MINNEAPOLIS--The Minnesota Twins are unanimous: The 10-game homestand that started Friday night is pivotal. Momentous. Critical to their season, and perhaps their future.
The Rays don't care about any of that. They're too busy winning.
The Twins resumed their season Friday night with conviction, determination -- and another loss, their sixth in the past eight home games, 6-2 to Tampa Bay. With the All-Star festivities finally over, Target Field returned to normal, and so did the Twins offense, going 0-for-6 with runners in scoring position. They are batting .234 in those situations, next-to-last in the American League.
With so little help, Kyle Gibson needed to be almost perfect, and he wasn't. The righthander recorded 16 outs on ground balls, but let nine hits slip in between them, two of them decisive, and the Twins fell seven games below .500.
"I would say this is an important time," said General Manager Terry Ryan, who will determine whether any of the Twins' modestly valuable assets are dealt away in the next dozen days. "It's not going to make our season, but it's certainly going to affect the trade deadline."
That's the fear in the clubhouse, too. Players believe they have enough talent, albeit underachieving, to climb into the playoff race. "They're trying to keep this thing together. That's a normal conversation after the All-Star break," manager Ron Gardenhire said. "They don't want to lose their teammates, and they know it goes down to how they play on the field. ... But we've got to win baseball games."
Trouble is, so do the Rays, and they are 9-4 in July. Gibson loaded the bases in the third inning without allowing a hard-hit ball -- a soft liner, an infield grounder that could have been an inning-ending double play but bounced off the pitcher's glove, and a walk. Evan Longoria then didn't miss his opportunity. He slugged a 2-0 fastball just beyond Oswaldo Arcia's awkward leap in right field, driving all three runners home.

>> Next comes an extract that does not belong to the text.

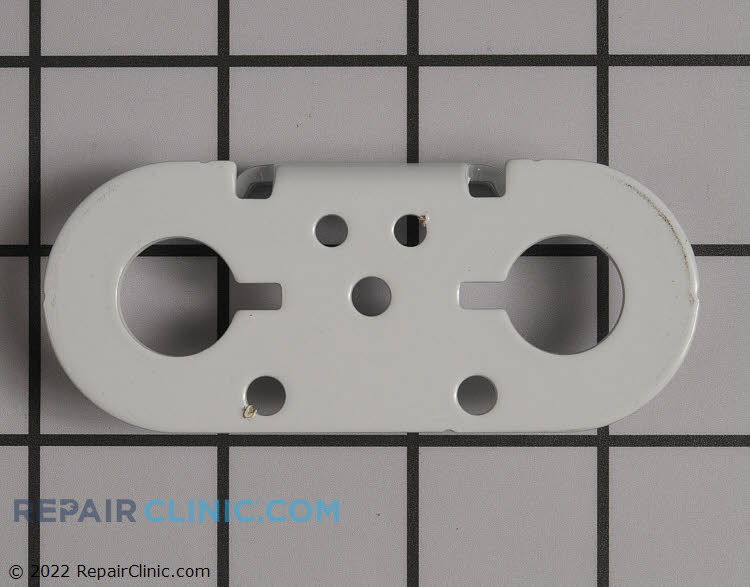 Refrigerator Door Stop WR02X12880 Fast Shipping Repair Clinic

"The tapper back to the mound is a double play if (Gibson) doesn't tip it, but instincts tell you to try to catch the ball," Gardenhire said. "That ball was probably going right to (Brian Dozier) for a double play."
One minor fielding mistake, followed by one bad pitch -- perhaps the difference between winning and losing.
Two innings later, a similar scenario. Kevin Kiermaier dribbled a ball in front of the plate, and Kurt Suzuki's throw was late (which replays established when Tampa Bay challenged the out call). The 15-foot hit turned into a run when Ben Zobrist reached out for a 3-1 Gibson fastball and dropped it into the front row of the right-field overhang.
"Really, I just got beat by three or four pitches tonight," said Gibson (8-8). "You can't leave pitches over the middle."
Tampa Bay's Alex Cobb (5-6) only made one similar mistake, trying to sneak a 2-1 changeup past Trevor Plouffe in the third inning. It landed in the left-field seats, a two-run shot that gave the Twins life, if only briefly. After that, it was back to the offensive doldrums that keep afflicting the Twins this season.
Not a great start to 10 days that could determine who is still here in August.
"I'm glad to hear they're saying (they want to stay together), that's good," Ryan said. "They like what we've got, they like some of the talent, they think we're headed in the right direction."